-- Input data follows --

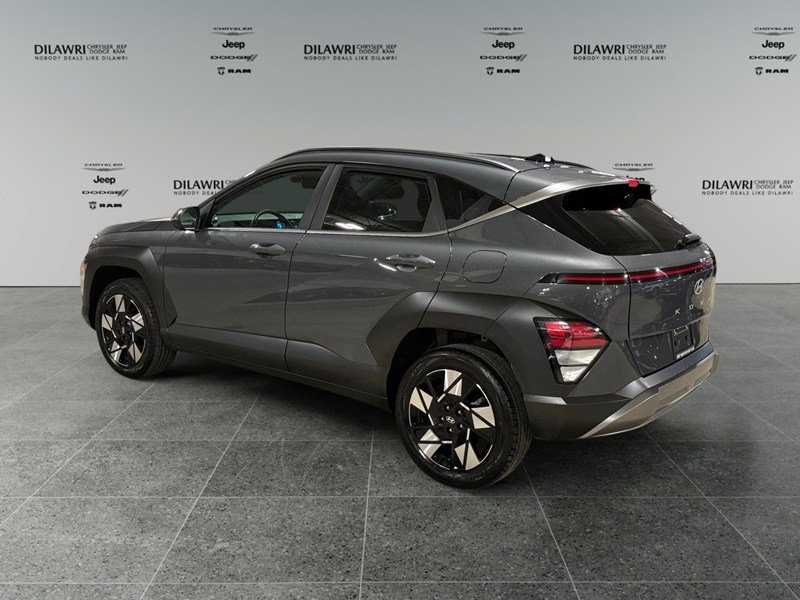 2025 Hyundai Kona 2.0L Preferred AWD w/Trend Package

-- Input data concluded --
-- Input data follows --

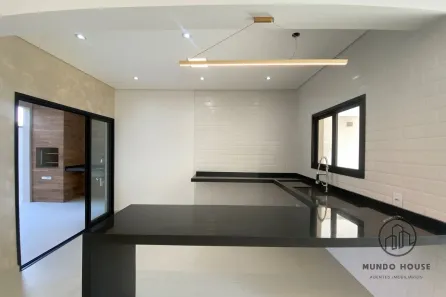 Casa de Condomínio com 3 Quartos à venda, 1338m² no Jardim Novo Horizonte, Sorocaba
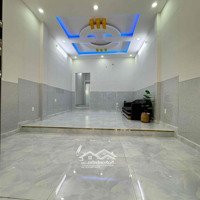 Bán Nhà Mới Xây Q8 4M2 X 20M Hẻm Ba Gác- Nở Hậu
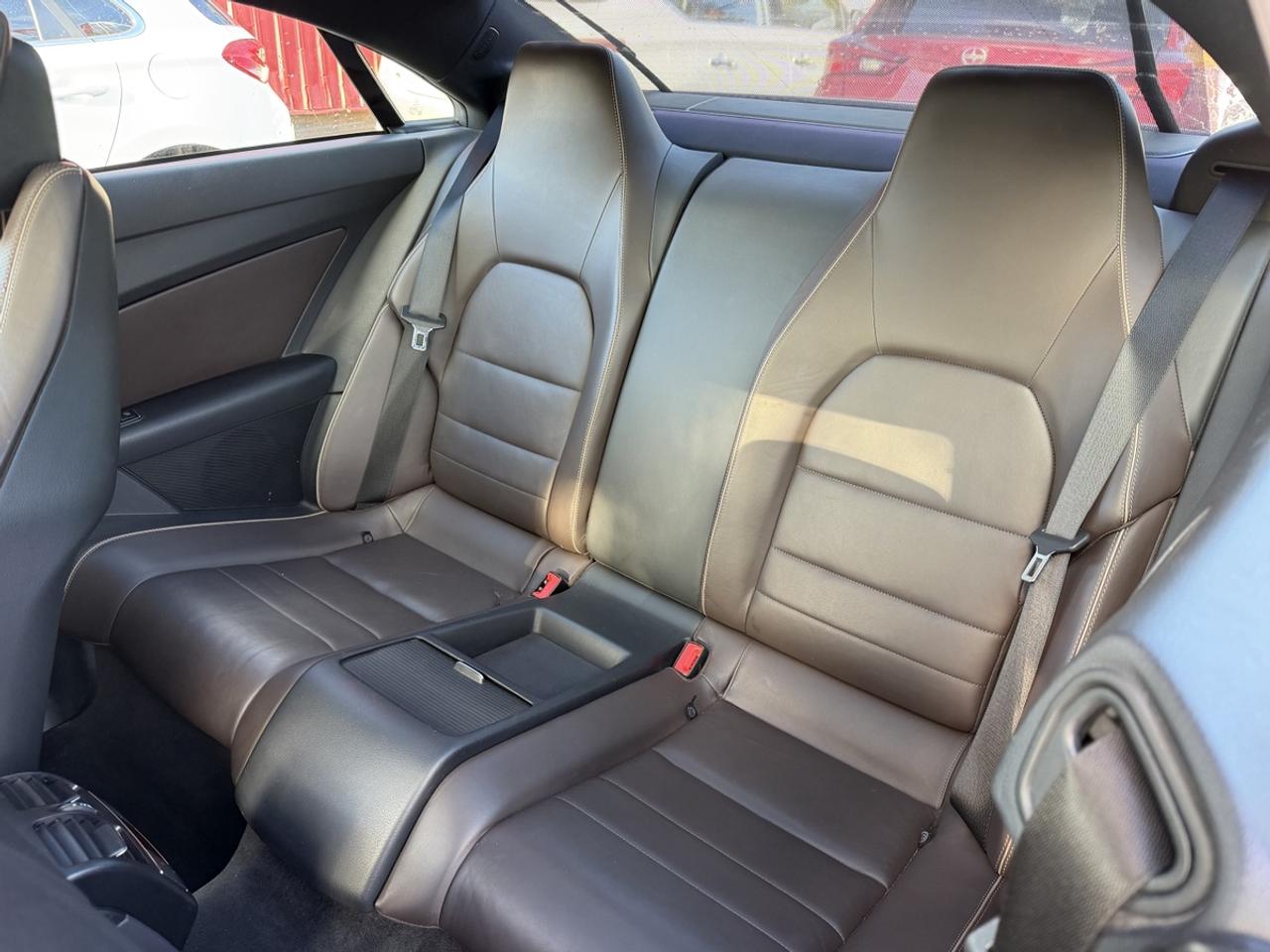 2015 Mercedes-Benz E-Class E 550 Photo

-- Input data concluded --

## Task directions:
Extract from the material above the stretch running from the line containing "Casa de Condomínio" through the line containing "2015 Mercedes-Benz E-Class E 550 Photo". Keep the text exact and the pictures out.

## Solution for this exercise:
 Casa de Condomínio com 3 Quartos à venda, 1338m² no Jardim Novo Horizonte, Sorocaba
 Bán Nhà Mới Xây Q8 4M2 X 20M Hẻm Ba Gác- Nở Hậu
 2015 Mercedes-Benz E-Class E 550 Photo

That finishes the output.